Background: Resection of melanoma metastatic to the liver remains controversial. We evaluated the efficacy of hepatic resection in patients with metastatic ocular and cutaneous melanoma and assessed factors that could affect survival after resection.
Methods: Forty patients with hepatic melanoma metastasis underwent resection at four major hepatobiliary centers. Clinicopathologic factors were evaluated with regard to recurrence and survival by using chi(2) and log-rank tests.

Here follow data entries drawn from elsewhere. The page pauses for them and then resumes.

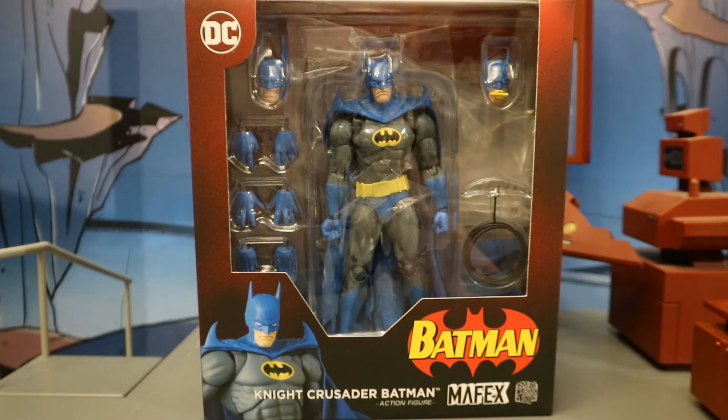Hey everybody, this is D.E. Hunter, bringing another action figure review. Today we're going to be looking at the Mafex Nightfall Batman, Night Crusader Batman. I printed this guy at AmiAmi. If you're ordering your Mafex figure from Big Bad Toy Store or some other American website, you're probably paying far too much. I'll put a link in the description below.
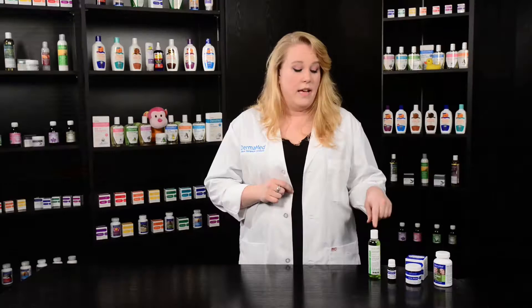The first step in our program is our acne wash with green tea extract. Then we have our fruit exfoliation serum, our skin gel, and then finally our nutritional supplement for troubled skin.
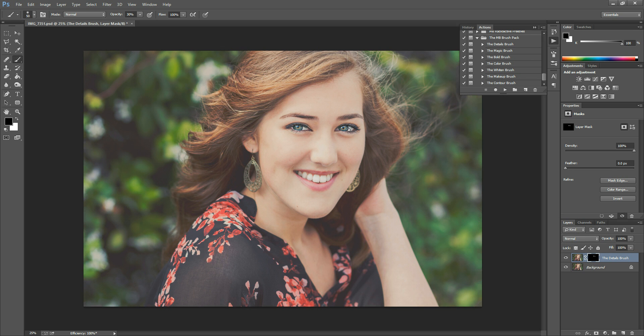Even if you choose 30% opacity, you can go over a certain spot more than once to increase the effect. I'm just going to sweep it over her eyes — careful not to do too much over the whites. Switch your color to black to remove a little from the white of the eye, then flip back to white to keep painting. I'm going to go over her brows to enhance those, and adjust brush size with the left and right bracket keys next to the P on your keyboard. Then sweep over her lips, hair, earrings — anywhere you want to draw attention.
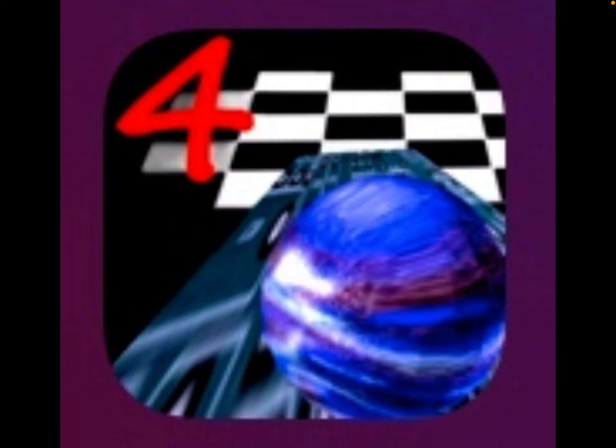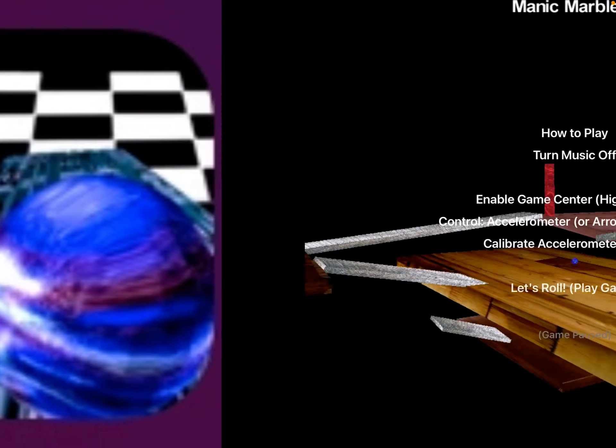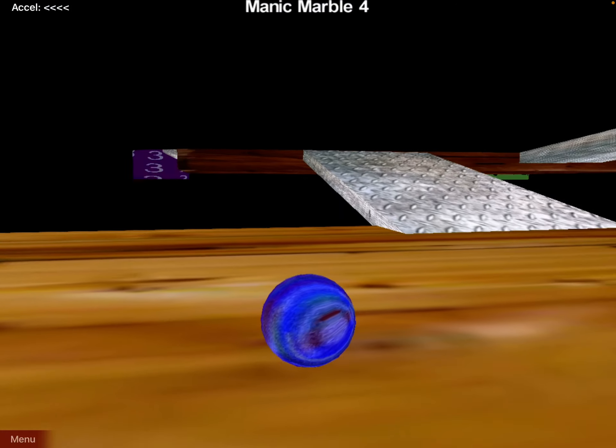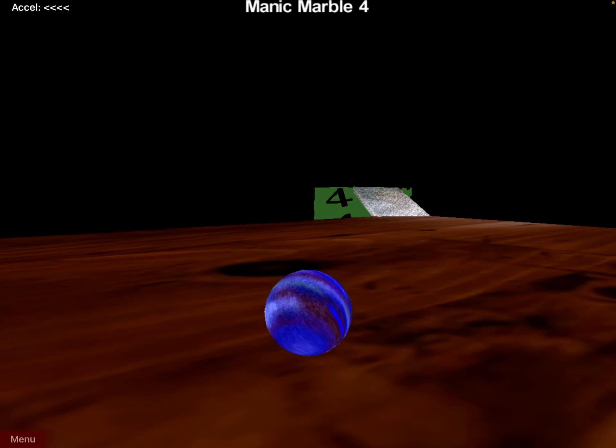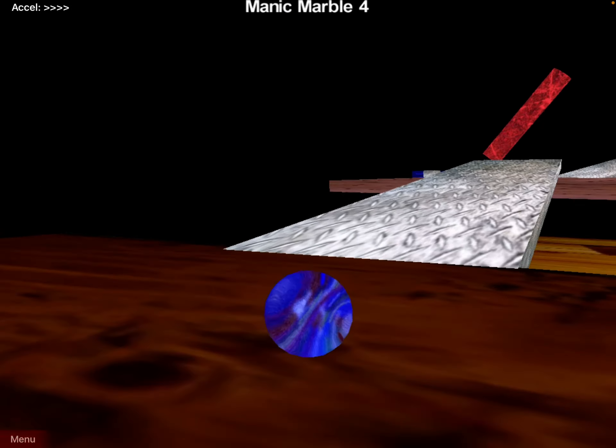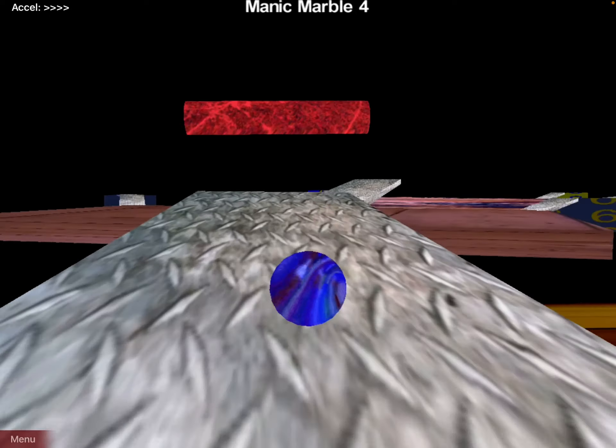There are two different ways to play Manic Marble 4. One way is where you move the iPad around — if you tip the iPad all the way, that's how fast it will go.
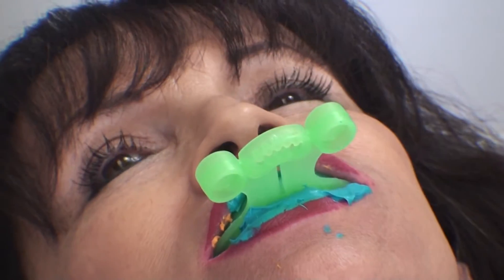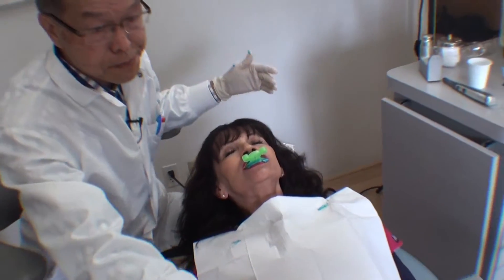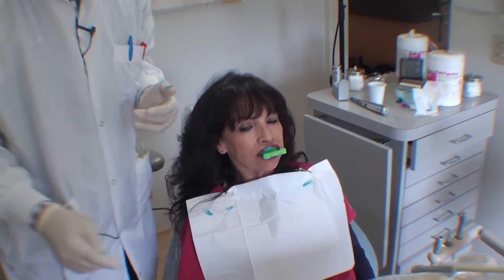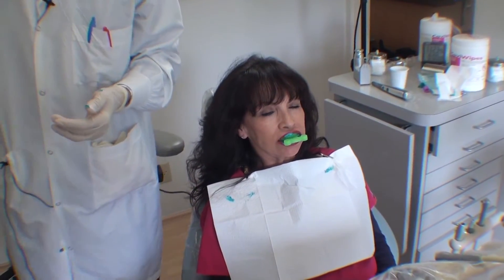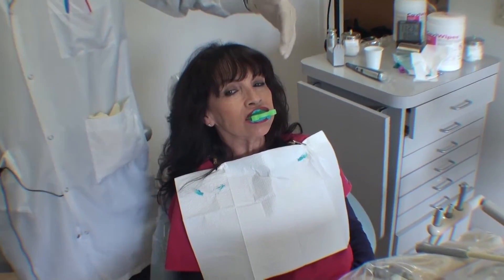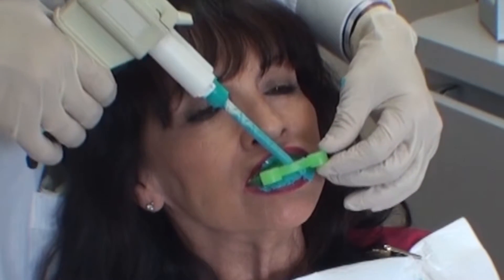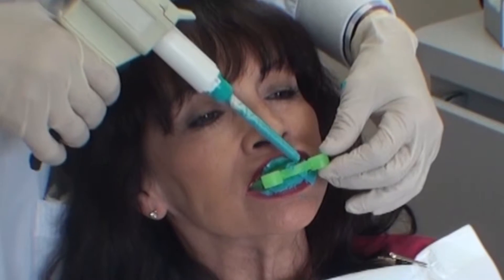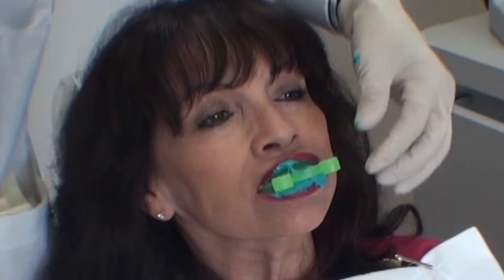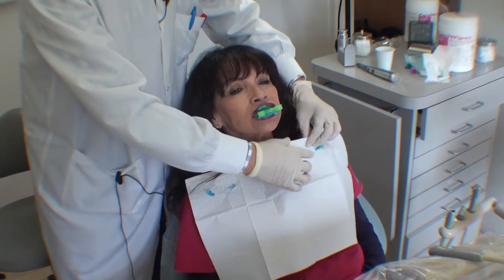Once that's done, you probably want to seat the patient upright. Then you can use either the heavy body material or a bite registration material and squirt it into the hole in front of the tray. Wipe it so that it's flat and wipe out the excess.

Results: The primary tumor was ocular in 16 patients and cutaneous in 24. The median disease-free interval from the time of primary tumor treatment to hepatic metastasis was the same for both groups (ocular, 62.9 months; cutaneous, 63.1 months; P = .94). Most patients underwent either an extended hepatic resection (37.5%) or hemihepatectomy (22.5%). Twenty-six patients (65%) received perioperative systemic therapy. Thirty (75.0%) of 40 patients developed tumor recurrence. The median time to recurrence after hepatic resection was 8.3 months (ocular, 8.8 months; cutaneous, 4.7 months; P = .3). Patients with primary ocular melanoma were more likely to experience recurrence within the liver (53.3% vs. 17.4%; P = .015), whereas patients with a cutaneous primary tumor more often developed extrahepatic involvement. The 5-year survival rate for patients with a primary ocular melanoma was 20.5%, whereas there were no 5-year survivors for patients with cutaneous melanoma (P = .03).
Conclusions: Patterns of recurrence and prognosis after resection of hepatic melanoma metastasis differ depending on whether the primary melanoma is ocular or cutaneous. Resection should be performed as part of a multidisciplinary approach, because recurrence is common.